Synopsis

Keywords: Tumors, Radiotherapy

Technical advances in imaging and radiotherapy in the last decade have motivated the development of patient-specific treatment plans accounting for the underlying tumor biology that ultimately informs treatment efficacy. A fundamental challenge is how to leverage imaging data to optimize patient response to radiotherapy. Towards this end, we have developed an approach to forecast tumor response prior to the conclusion of therapy to enable a spatially-resolved map of response to chemoradiation. Our forecasting approach can accurately identify statistically significant changes in cell density that could potentially inform treatment adaptations.

Introduction

With the advent of MRI guided radiotherapy (RT) a central question is how to leverage multi-parametric MRI (mpMRI) data to improve patient outcomes. mpMRI provides a rich series of noninvasive measurements reporting on (for example) tumor burden, cellularity, tissue structure, blood flow, and blood volume that may be collected before, during, and after treatment. The combination of these measures can characterize the local tumor environment which fundamentally influences the efficacy of both RT and systemic chemotherapies. However, mpMRI data alone can only assess the current tumor state and cannot predict treatment outcomes or predict how the local tumor environment will evolve in response to treatment. Combining mpMRI data with a biologically-based mathematical model^1-2 may enable a computational forecasting approach to spatially map anticipated changes prior to the conclusion of therapy. Furthermore, if personalized prior to the conclusion of RT this computational forecasting approach could facilitate anticipatory treatment adaptation. Towards this goal, we have applied our computational forecast approach to the setting of high-grade glioma patients receiving chemoradiation to evaluate the predictive accuracy of maps of eventual treatment response made after only three weeks of RT.

Methods

Experimental details: Longitudinal mpMRI data was collected in thirteen patients with high-grade gliomas as part of a prospective radiotherapy trial at the M.D. Anderson Cancer Center. Patients were imaged prior to RT, weekly during RT, and then at one to three month intervals following RT. The mpMRI protocol consisted of T₂-fluid attenuated inversion recovery (FLAIR), T₁-weighted with or without contrast, and diffusion imaging. Contrast-enhanced T₁-weighted images were collected at the pre-RT, mid-RT (week 3), and at follow-up visits. All images were registered to the pre-RT visit, and the enhancing and non-enhancing tumor burden were segmented using the contrast-enhanced T₁-weighted (when available) and T₂-FLAIR images, respectively. Additionally, the apparent diffusion coefficient (ADC) obtained from diffusion imaging was used to estimate tumor cell count within the enhancing tumor region.
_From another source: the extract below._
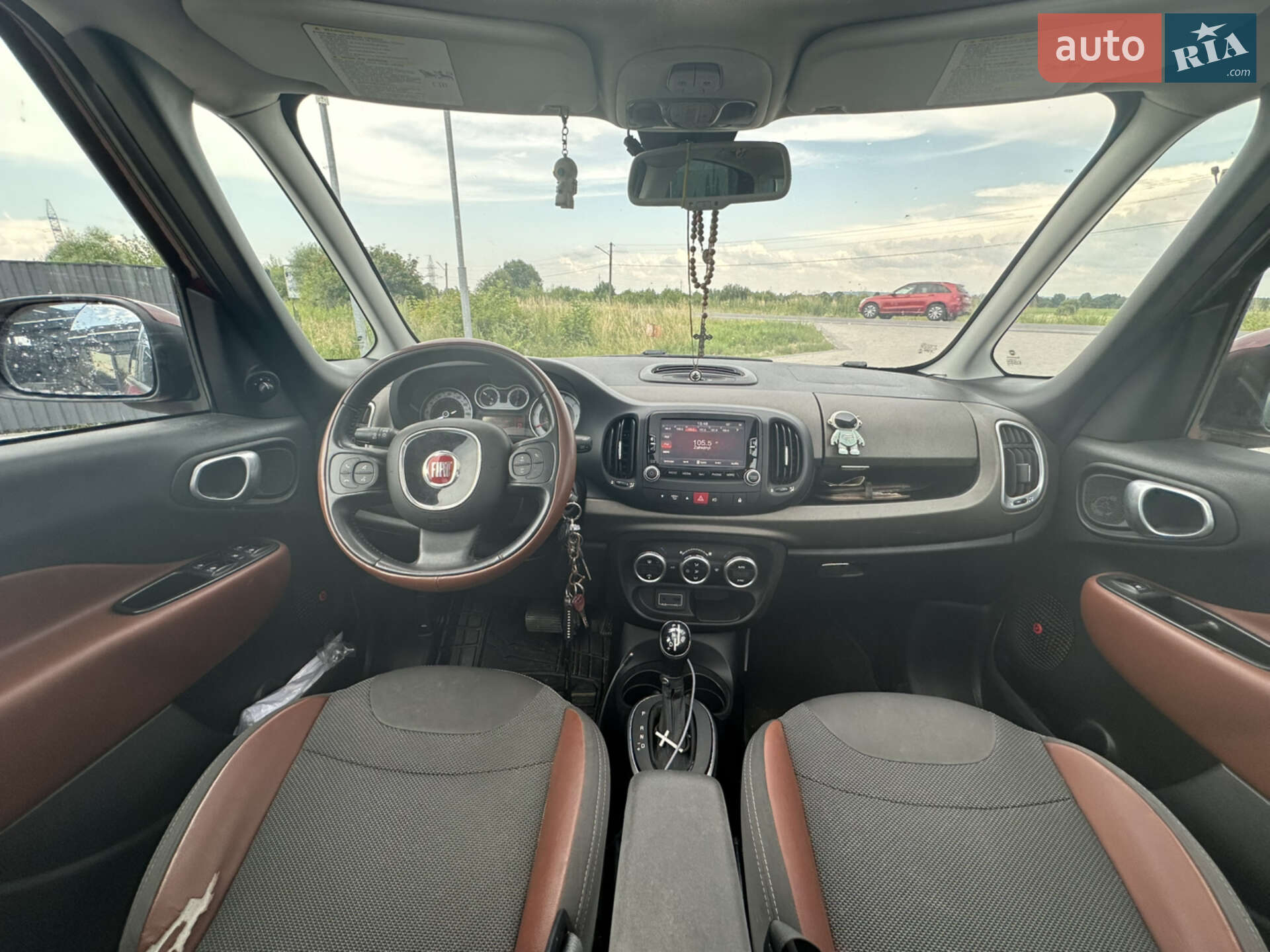 Fiat 500L 2015 VIN ZFBCFADHXFZ036965 фото оголошення 17 з 20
Computational forecasting approach: To enable forecasts of chemoradiation response, patient-specific data consisting of the 3D tumor cell counts before and up to mid-RT were used to individually calibrate a biologically-based mathematical model of tumor growth and response to RT. This approach consists of two coupled 3D partial differential equations (one each for the enhancing and non-enhancing regions of the tumor) with model parameters characterizing tumor cell mobility (or invasion), proliferation, death due to radiation therapy, and death due to chemotherapy¹. Using the patient-calibrated model parameters and the mid-RT image, we then predict response for each individual patient at the end of RT as well as at the 1-month follow-up visit. The mathematical model is solved using the finite difference method and implemented in MATLAB (R2021a, Nattick MA).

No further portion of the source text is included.